In the wild and outdoors, jades naturally drop branches that eventually take root and form new plants. Thus any live part of the plant removed can be used to propagate new jades. This is especially successful in the warm and brighter spring and summer growth period and the warmer days of early autumn. Cuttings taken during the cooler winter months are sometime slow to strike or will rot if conditions become cold and wet. Cuttings often strike better when allowed to sit in a dry, shaded and sheltered location for at least a few hours to a day or more before planting. This allows the cut end to callous over the wound which seems to offer better protection against rotting or bleeding out of plant sap and offers a solid basal end upon which roots can form.
The ideal growing medium for cuttings depends on how wet and humid the growing environment remains. In wet, humid warm locations the propagating mix can be straight propagating sand. In drier climates good results come using cactus potting mix or from a mix of equal parts propagating sand and peat, or substitute a peaty african violet potting mix .
Cuttings of almost any length and size will strike rather quickly in warm bright sheltered conditions. Trunks, stems and even leaves can be either laid on their side so they evenly contact the propagating mix or inserted upright and will often produce a new jade plant within a few months.
It is often best to wet the propagating mix first before inserting the jade cuttings. Then water in again lightly to settle the cuttings snugly into the mix and place in a warm, airy, sheltered bright spot out of direct sun. Keep the mix lightly moist until new growth becomes obvious. Sometimes cuttings may need misting to keep tender small leaves from shrivelling.
After several months once some new growth is obvious, the plantlets should have developed at least a few fine roots enough to support themselves. At this stage they can be moved on into individual containers being careful not to damage the delicate emerging roots. Some growers elect to plant the young propagations in their own individual containers from the start. This way they can leave the plantlets to mature for upwards of a year or more in the mix so that they develop stronger root systems before moving them on into larger more permanent containers.
Few pests or problems affect jade plants. Most common would be ants, aphids, mealy bug and mites all of which are easily controlled. Pest problems are usually a sign that the plant is under some sort of environmental stress (too dry, drafty, dark, wet) that if corrected will almost automatically correct the plants health. Usually a simple hosing or washing over with soapy water will control the immediate problem. Jades are sensitive to some sprays so test a small patch of foliage and wait for a couple of days for adverse reactions before using strong insecticides or systemic pesticide sprays that can easily damage tender leaf tissues causing leaves to drop as quickly as the insects!

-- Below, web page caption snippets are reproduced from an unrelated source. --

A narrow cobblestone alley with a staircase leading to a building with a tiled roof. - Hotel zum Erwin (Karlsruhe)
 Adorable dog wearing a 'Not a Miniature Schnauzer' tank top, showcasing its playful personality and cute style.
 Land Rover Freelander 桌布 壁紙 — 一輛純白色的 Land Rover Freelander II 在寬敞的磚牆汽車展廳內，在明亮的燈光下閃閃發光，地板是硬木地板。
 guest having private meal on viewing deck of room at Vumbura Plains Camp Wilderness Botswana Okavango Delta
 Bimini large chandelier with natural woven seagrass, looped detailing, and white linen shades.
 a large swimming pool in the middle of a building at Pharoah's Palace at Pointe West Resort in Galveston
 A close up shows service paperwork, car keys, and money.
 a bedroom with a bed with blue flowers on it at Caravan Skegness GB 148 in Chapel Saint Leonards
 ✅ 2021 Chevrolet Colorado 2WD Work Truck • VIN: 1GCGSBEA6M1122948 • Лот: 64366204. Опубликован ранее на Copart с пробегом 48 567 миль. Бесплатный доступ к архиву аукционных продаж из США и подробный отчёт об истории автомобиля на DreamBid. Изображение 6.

Over-watering and overfeeding are by far the greatest killers. Always water and feed during warm, bright conditions preferably early enough in the day for the plant and soil to dry out before evening. Only feed during the spring to early autumn growing period. Avoid watering or feeding during cloudy, cool weather when the jade could chill. If conditions become tropically hot and humid water only moderately and not during the heat of the day to avoid ‘cooking’ the plant. When conditions are cool to avoid chilling never allow the jade to become water-saturated by standing in water.
Lucky jade trees are highly self-reliant and as such perform at their best with minimum care.